EXERCISE: An acceptable answer repeats exactly the line with "this 640×480 image." and each line after it through the end of the entries, and includes nothing else.

DATA SECTION:
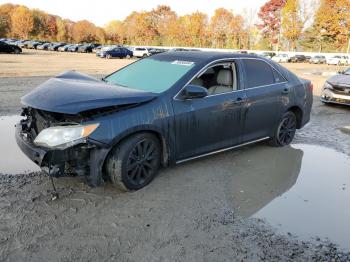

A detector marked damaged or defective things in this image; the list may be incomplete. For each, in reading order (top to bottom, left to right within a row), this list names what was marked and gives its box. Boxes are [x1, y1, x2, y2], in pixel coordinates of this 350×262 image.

crumpled hood [21, 70, 157, 113]
damaged front end [14, 107, 109, 187]
damaged front bumper [15, 121, 109, 186]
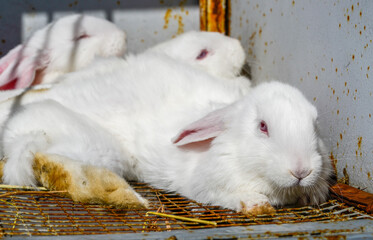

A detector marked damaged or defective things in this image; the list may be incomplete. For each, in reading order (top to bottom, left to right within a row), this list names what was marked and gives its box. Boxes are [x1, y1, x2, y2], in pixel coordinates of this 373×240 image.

rusty metal surface [199, 0, 225, 33]
rusty metal surface [228, 0, 372, 192]
rusty wire grid [0, 182, 370, 236]
rusty metal surface [0, 183, 370, 237]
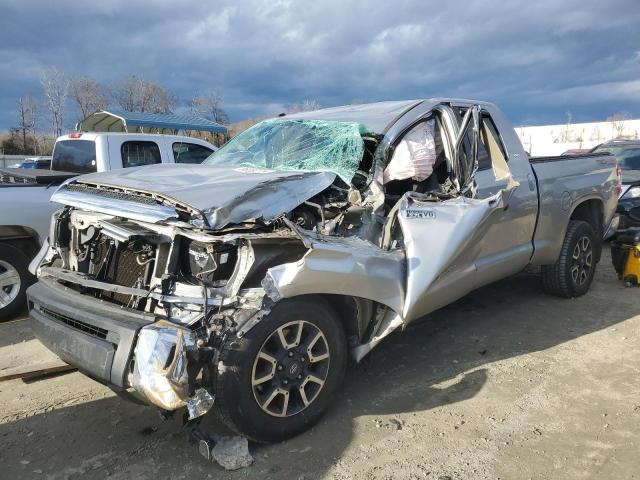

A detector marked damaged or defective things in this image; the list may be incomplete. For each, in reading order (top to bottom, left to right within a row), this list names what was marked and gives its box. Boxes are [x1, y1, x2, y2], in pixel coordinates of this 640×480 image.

crumpled hood [56, 163, 336, 229]
shattered windshield [202, 117, 368, 183]
severely damaged truck [27, 99, 616, 440]
adjacent wrecked vehicle [27, 100, 616, 442]
damaged front bumper [27, 278, 216, 416]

ANSWER AREA:
A detector marked damaged or defective things in this image; the list may be incomplete. For each, in reading order (top to bottom, left to right within a row), this list names what was marked and gives its box. Boxes are [x1, y1, x2, y2], in pixel coordinates of this 640×480 image.

crumpled hood [56, 163, 336, 229]
shattered windshield [202, 117, 368, 183]
severely damaged truck [27, 99, 616, 440]
adjacent wrecked vehicle [27, 100, 616, 442]
damaged front bumper [27, 278, 216, 416]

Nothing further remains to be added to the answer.